A-Trak: License to Pill

A-Trak wrote a blog post for The Huffington Post that talks about drugs and music (two things that have gone together since the beginning of time) and the fact that there needs to be more open dialogue about it.

The whole post is a must read but here’s the last part:

What worries me is the unspoken aspect of the story; that is the real elephant in the room. Just recently, Lil Wayne almost died from multiple seizures, yet he vehemently denies that there was a relation to his codeine intake. When legendary Houston rapper Pimp C passed away, the cause of death remained hush. Closer to home, my good friend DJ AM died from a drug overdose four years ago at the height of his fame. There needs to be more open dialogue about this. It won’t stop us from enjoying the music. A handful of rappers have spoken out: Kendrick Lamar ends his “Bitch Don’t Kill My Vibe” video with a coffin lowered into the ground and “Death To Molly” written above it, and Rhymefest calls the drug a “crack pill.” While that analogy may be oversimplified, I believe that any conversation on this matter is healthy.
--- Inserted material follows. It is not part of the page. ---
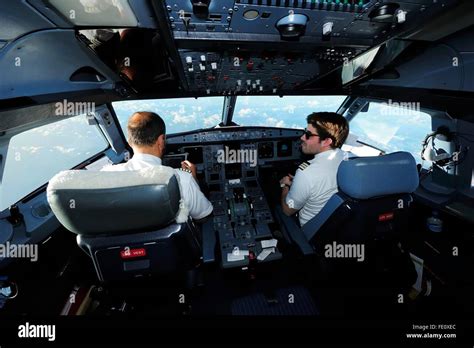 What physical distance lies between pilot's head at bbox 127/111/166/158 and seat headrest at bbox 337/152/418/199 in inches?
49.0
I even think the pill popping Trinidad James himself deserves a smart interview (you know, make him sweat a little). He probably has more insight than we think. My stance is: we can rap about it, but let’s also talk about it.

There’s two words that can describe what he’s referring to: Harm Reduction! The war on drugs in the United States has taught generations of kids to “just say no” that has proved to be ineffective over and over. If you’re going to get involved with drugs take the time to educate yourself and reduce the risks involved.